Companies: where the company has a Sole Director who is also the Sole Company Secretary, this form must be signed by that person. If the company (pursuant to section 204A of the Corporations Act 2001 ) does not have a Company Secretary, a Sole Director can also sign alone. Otherwise this form must be signed by a Director jointly with either another Director or a Company Secretary. Please indicate the office held by signing in the appropriate place.
Corporate Representatives
If a representative of the corporation is to attend the meeting the appropriate “Certificate of Appointment of Corporate Representative” should be produced prior to admission in accordance with the Notice of Meeting. A form of the certificate may be obtained from the company’s share registry.
Lodgement of a Proxy Form
This Proxy Form (and any Power of Attorney under which it is signed) must be received at an address given below by 11:00am on Wednesday, 15 December 2010, being not later than 48 hours before the commencement of the meeting. Any Proxy Form received after that time will not be valid for the scheduled meeting.

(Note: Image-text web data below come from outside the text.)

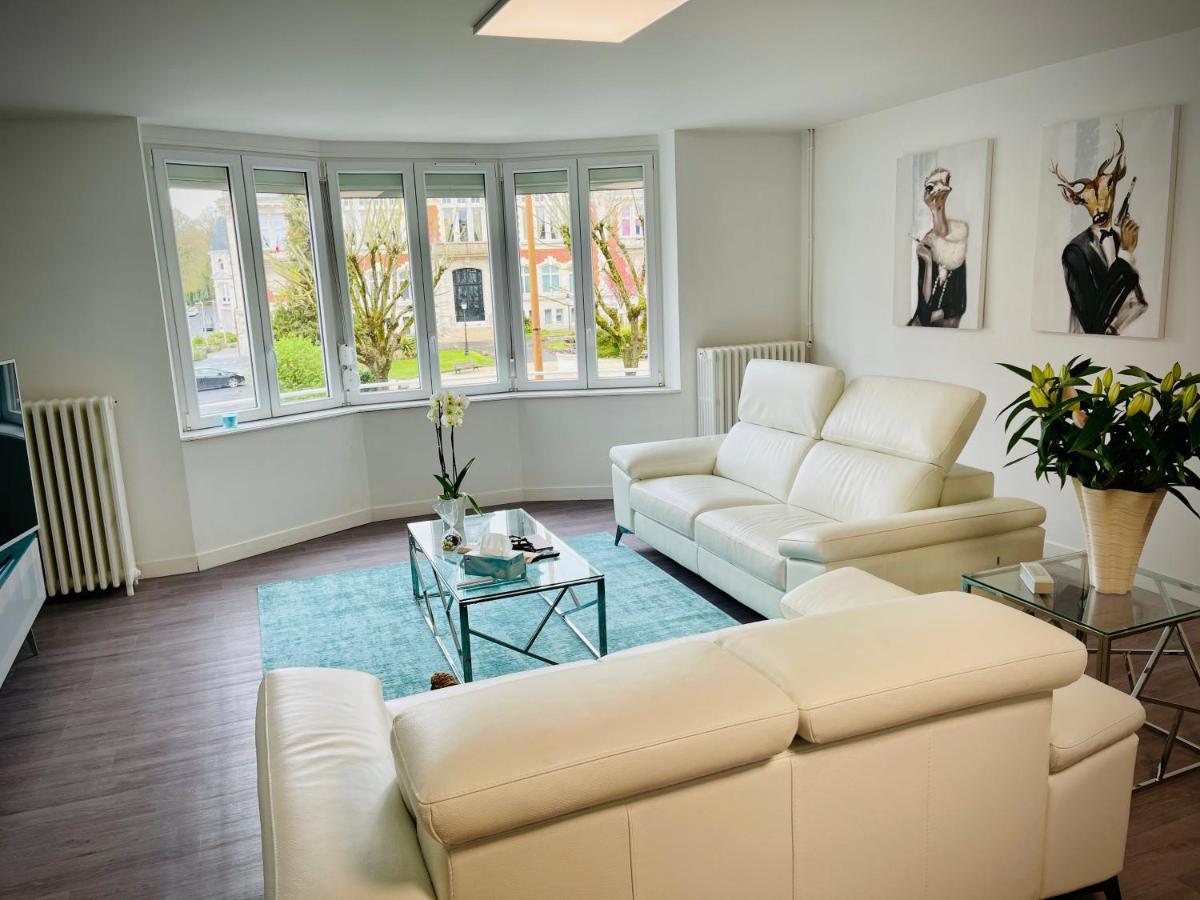 Suites Mana: Chic Downtown Rethel with Private Fitness Exterior photo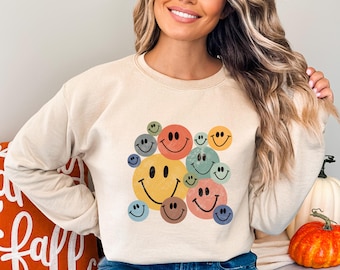 Retro Smiley Face Sweatshirt, Smile Face Aesthetic Hoodie, Smiling Face Emoji Sweatshirt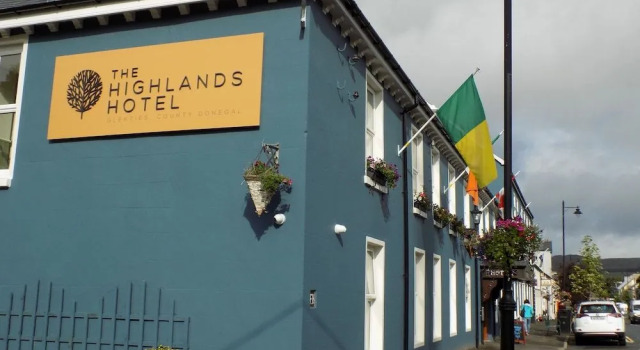 The Highlands Hotel, Prenota Hotel Glenties 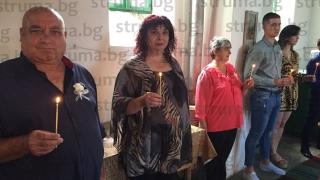 Такава сватба не се бе състояла у нас от 59 г. насам СНИМКИ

Proxy Forms may be lodged using the reply paid envelope or:
by mail:
Diatreme Resources Limited
C/- Link Market Services Limited Locked Bag A14 Sydney South NSW 1235 Australia
by fax:
+61 2 9287 0309
by hand:
delivering it to Link Market Services Limited, Level 12, 680 George Street, Sydney NSW 2000.
If you would like to attend and vote at the General Meeting, please bring this form with you. This will assist in registering your attendance.